(Exercise directions): Write the lines below out exactly, dropping each picture.

┌─ Information

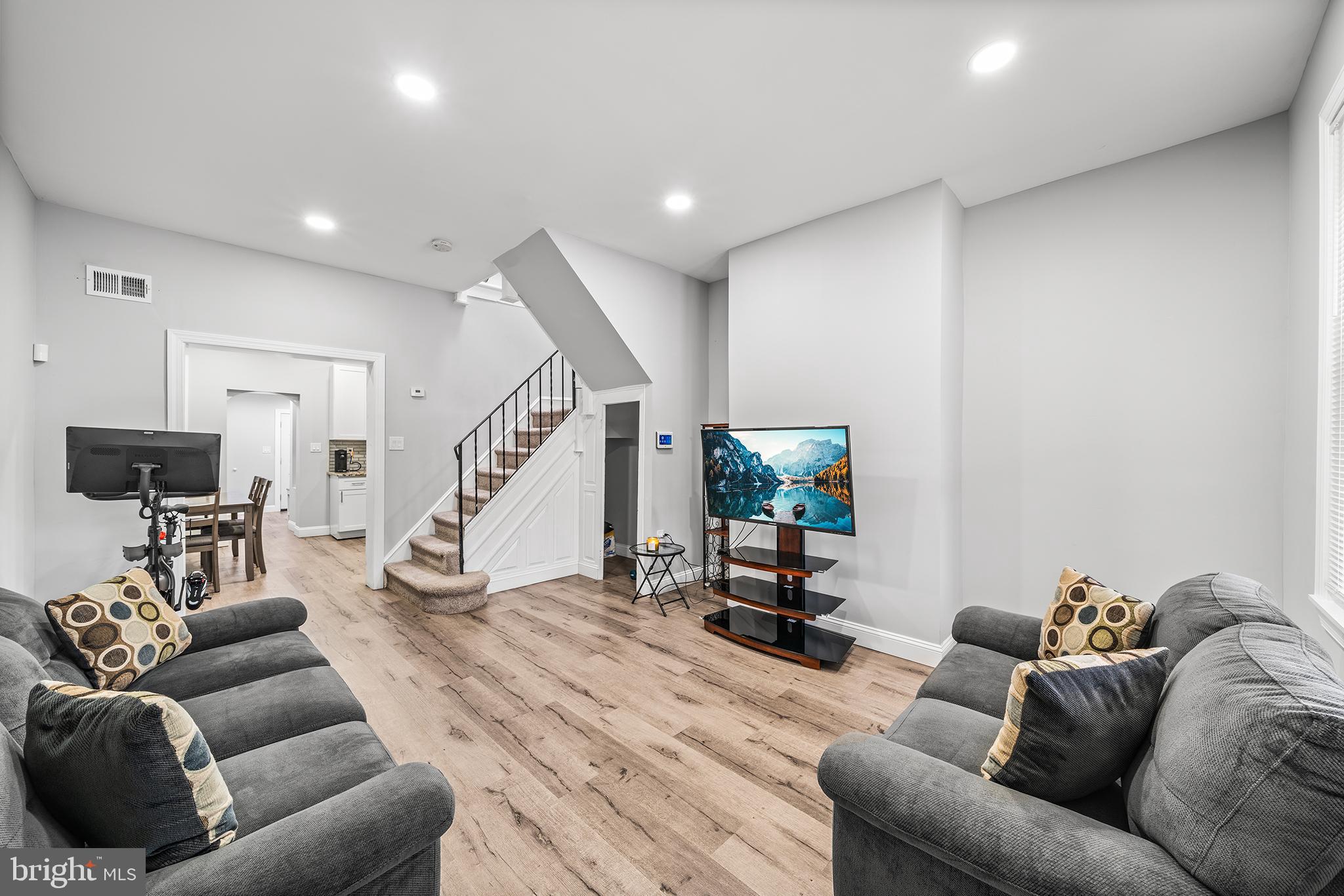 GERMANTOWN (EAST) - Residential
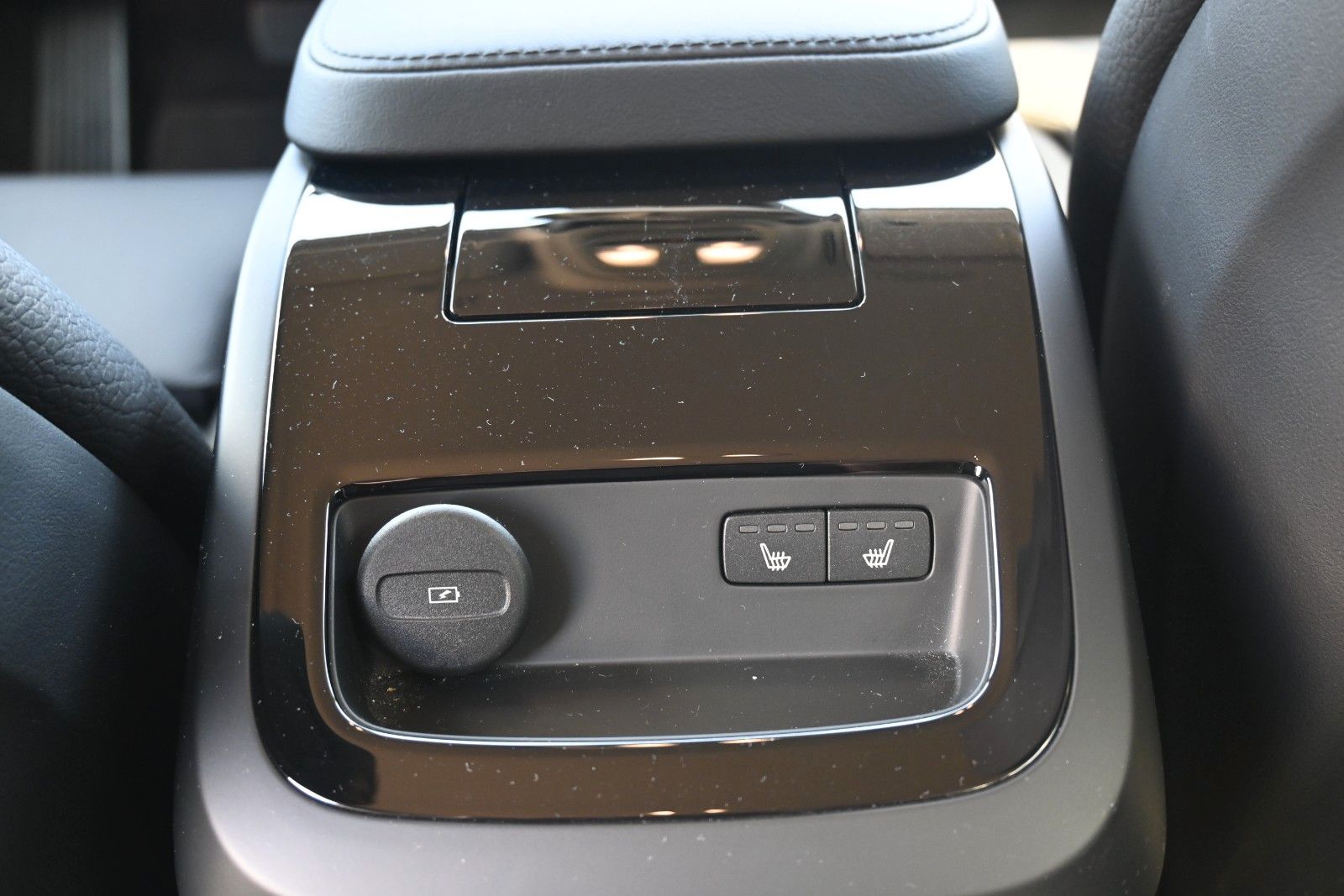 Fahrzeugabbildung Volvo V60 T6 Plus Dark AWD*AHK*Elekt.Sitze*75KM RW*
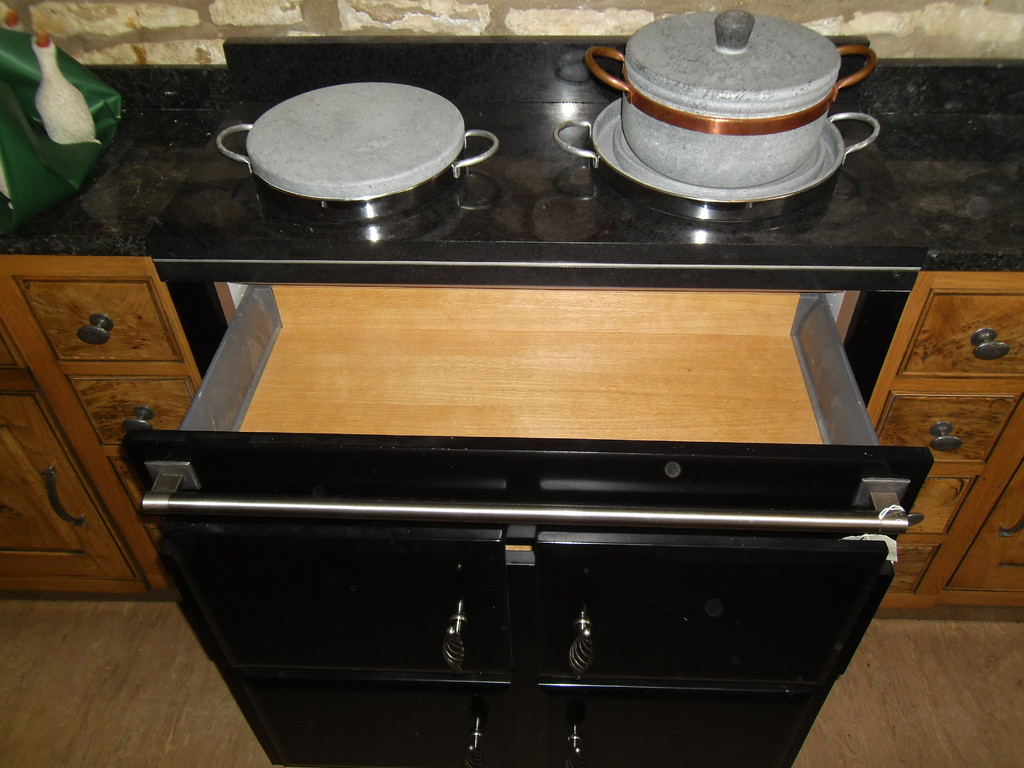multitudes of drawer organisers are available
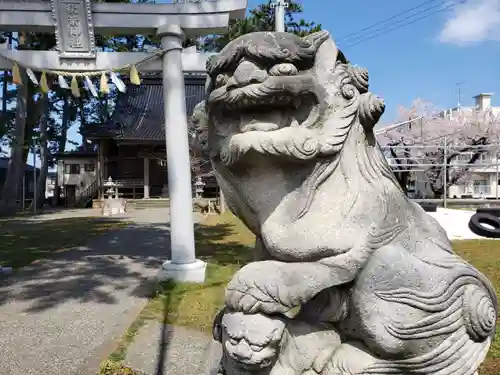 秋葉神社の狛犬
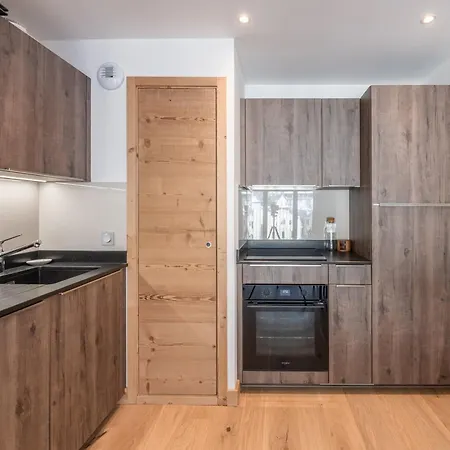 Cozy Au Centre De Avec Balcon - Fr-1-343-274 Daire *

└─

(Answer to this problem):
 GERMANTOWN (EAST) - Residential
 Fahrzeugabbildung Volvo V60 T6 Plus Dark AWD*AHK*Elekt.Sitze*75KM RW*
multitudes of drawer organisers are available
 秋葉神社の狛犬
 Cozy Au Centre De Avec Balcon - Fr-1-343-274 Daire *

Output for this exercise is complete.